On sait ce qu'il en est advenu avec la quatrième génération du nucléaire où la France, il y a vingt ans, avait une avance de vingt ans sur le reste du monde, alors qu'aujourd'hui nos chercheurs sont en Inde pour développer la filière qu'un jour nous lui rachèterons !

Je n'ai pas encore mentionné les effets du principe de précaution sur l'investissement. La France est considérée comme un pays où l'utilisation à tort et à travers de ce principe empêche ce moment indispensable qui accompagne le progrès en tous domaines : le saut technologique. Oui, un saut technologique comporte une part d'incertitude, une part de doute, une part de risque. Or, l'usage à tout propos et à tout bout de champ du principe de précaution a, sur le plan psychologique, profondément marqué la France. C'est ainsi que nous sommes devenus un pays gagné par la peur, le pessimisme, le doute, un pays qui remet sans cesse en cause ses réussites, un pays où l'inaction est en train de l'emporter sur l'action.

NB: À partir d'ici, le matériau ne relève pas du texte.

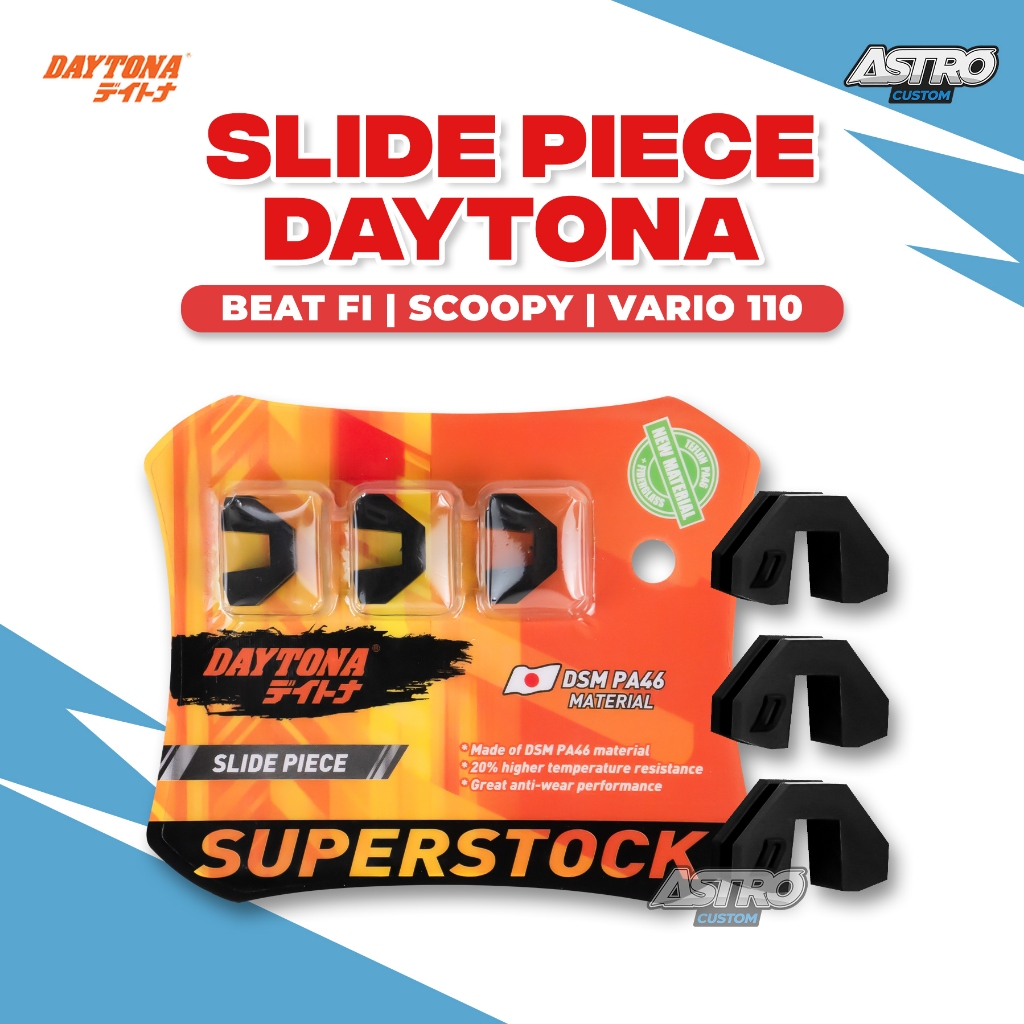 Daytona Slide Piece Beat Fi ESP POP Street Scoopy Spacy Vario 110 Karbu 5014 Upgrade Cvt Racing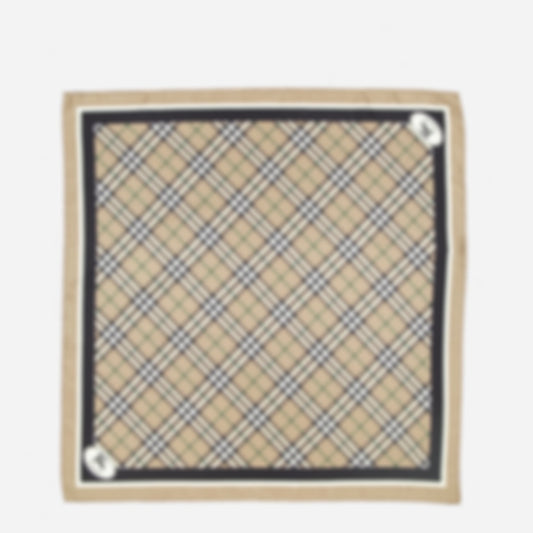 Checkered Silk Scarf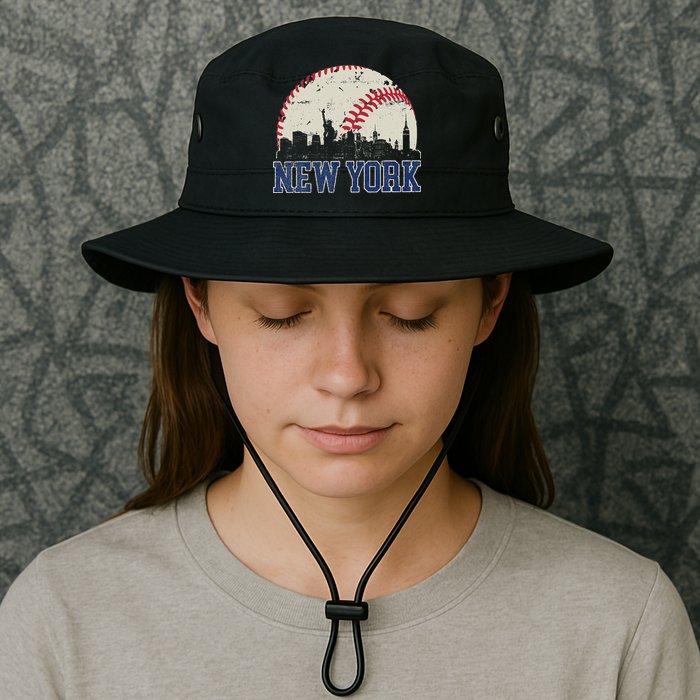 New York Retro Baseball Lover Met At Game Day Bucket Hat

L'inaction est toujours plus dangereuse que l'action. Nous ne pouvons rester immobiles. C'est précisément pour cette raison qu'a été votée, en 2012, une résolution particulièrement bien calibrée à l'issue d'un travail préparatoire approfondi, avec un rapporteur de droite, Alain Gest et un rapporteur de gauche, Philippe Tourtelier, et que je vous invite à relire attentivement.

Tout récemment, l'Académie des sciences a consacré une de ses séances aux travaux de l'un de nos plus illustres chercheurs, un de ceux que le monde nous envie : le professeur Alain Carpentier, celui qui inventé le système de coeur artificiel CARMAT. Eh bien, sachez qu'il s'en est fallu de très peu qu'à cause du principe de précaution, à cause de ces peurs, la société CARMAT aille s'installer dans un autre pays !

Cette proposition de loi constitutionnelle, je l'ai évoqué, ouvre ce débat qui, parce que difficile et complexe, sera long. Bien sûr, je la soutiens, même si je ne pense pas que ce soit absolument ce qu'il faille faire. Nous commençons seulement un long travail, et celui-ci ne pourra déboucher que si nous savons dépasser les postures, les clivages, les préjugés. Il en va, j'en suis convaincu, de l'avenir de notre pays. Débattons donc de l'adjonction de quelques mots, dans la Constitution, tout en prévoyant une loi organique – ce dont nous avons le plus grand besoin pour éviter l'usage particulièrement préoccupant qui est désormais fait du principe de précaution.